3. Buktikan \( \int_{0}^{2 \pi} e^{i m \theta} e^{-i n \theta} d \theta=\left\{\begin{array}{c}0, m \neq n \\ 2 \pi, m=n\end{array}\right. \)

To prove the integral \[ \int_{0}^{2 \pi} e^{i m \theta} e^{-i n \theta} d \theta = \left\{ \begin{array}{c} 0, \quad m \neq n \\ 2 \pi, \quad m = n \end{array} \right. \] we can start by simplifying the integrand. 1. **Combine the Exponents:** The integrand can be rewritten as: \[ e^{i m \theta} e^{-i n \theta} = e^{i (m - n) \theta} \] Thus, the integral becomes: \[ \int_{0}^{2 \pi} e^{i (m - n) \theta} d \theta \] 2. **Evaluate the Integral:** We will evaluate the integral based on the value of \( m - n \). - **Case 1: \( m = n \)** If \( m = n \), then \( m - n = 0 \), and we have: \[ \int_{0}^{2 \pi} e^{0} d \theta = \int_{0}^{2 \pi} 1 \, d \theta = 2 \pi \] - **Case 2: \( m \neq n \)** If \( m \neq n \), then \( m - n \) is a non-zero integer.
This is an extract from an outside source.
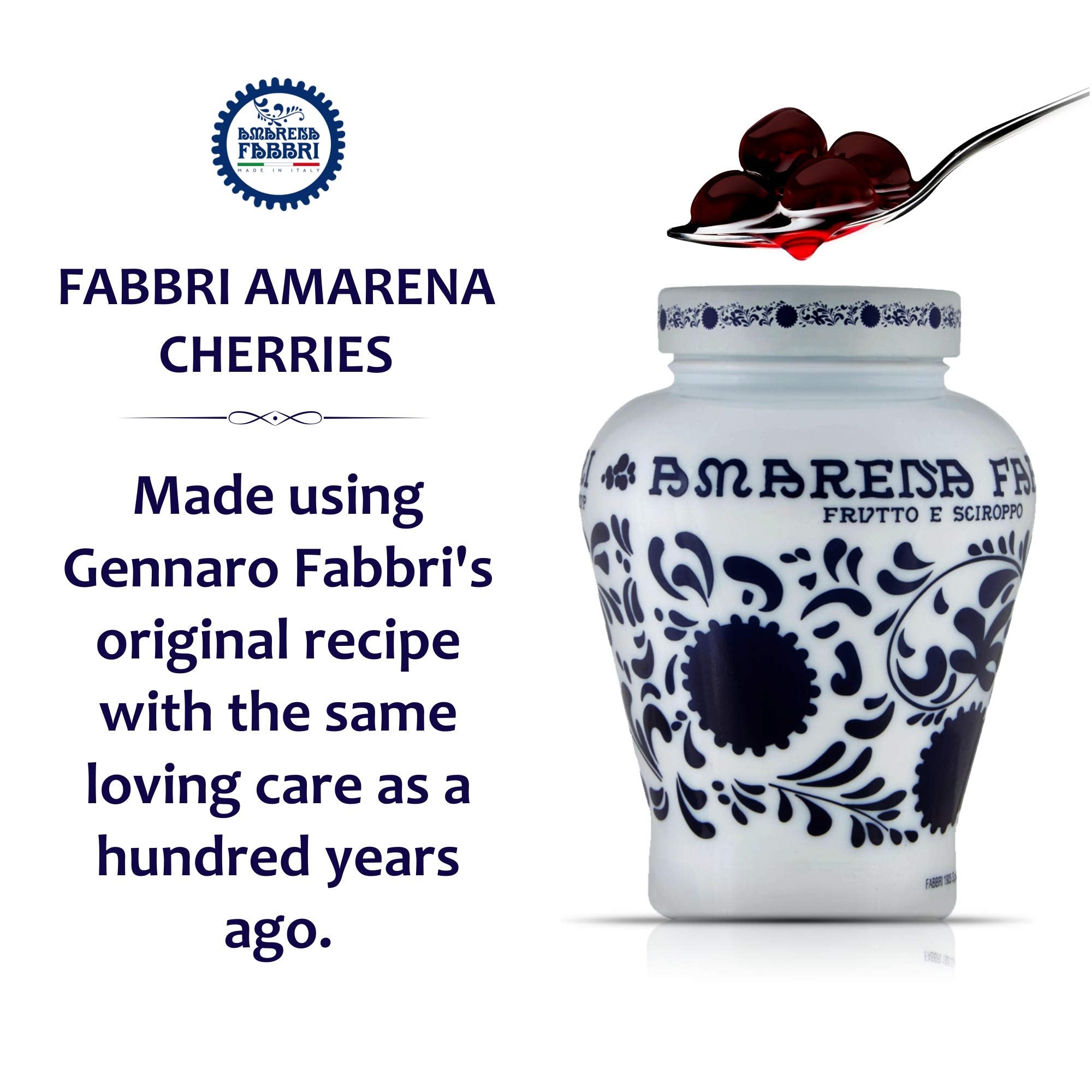 Fabbri Amarena Wild Cherries in Syrup, Gluten Free, Non- GMO, Vegan, 21 Ounce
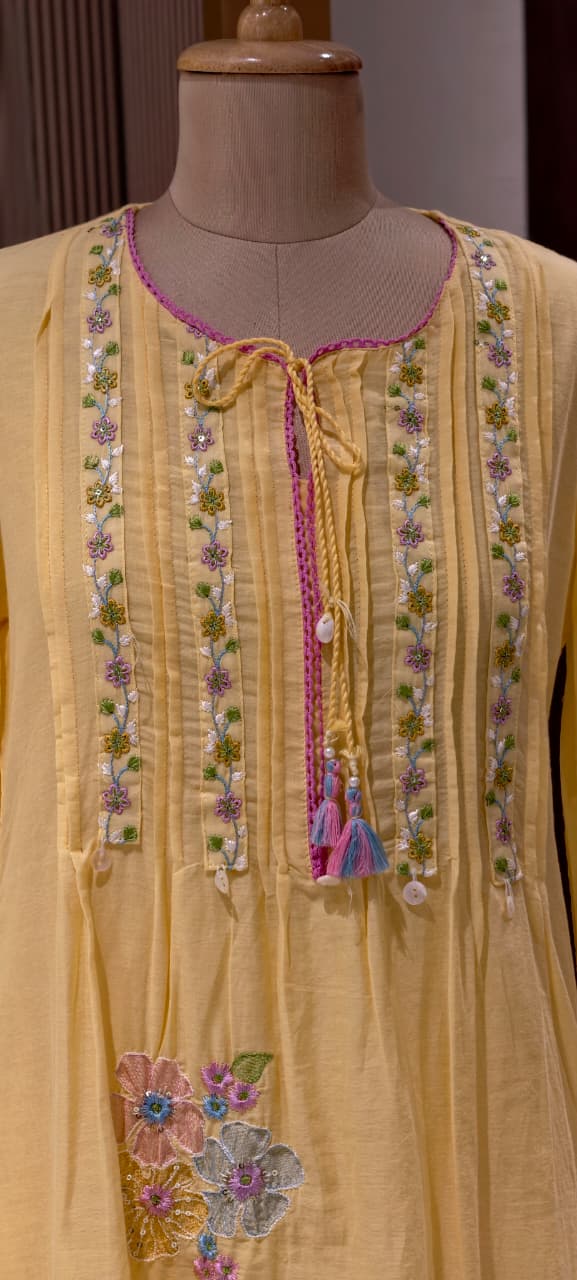 Pastel Mul Cotton A-Line Kurta Pant Set with Pastel Floral Embroidery & Tassel Detailing- 14866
The integral becomes: \[ \int_{0}^{2 \pi} e^{i (m - n) \theta} d \theta \] The integral of \( e^{i k \theta} \) over one full period (from \( 0 \) to \( 2\pi \)) is zero for any integer \( k \neq 0 \): \[ \int_{0}^{2 \pi} e^{i k \theta} d \theta = 0 \quad \text{for } k \neq 0 \] Therefore, since \( m - n \neq 0 \), we have: \[ \int_{0}^{2 \pi} e^{i (m - n) \theta} d \theta = 0 \] 3. **Conclusion:** Combining both cases, we conclude that: \[ \int_{0}^{2 \pi} e^{i m \theta} e^{-i n \theta} d \theta = \left\{ \begin{array}{c} 0, \quad m \neq n \\ 2 \pi, \quad m = n \end{array} \right. \] This completes the proof.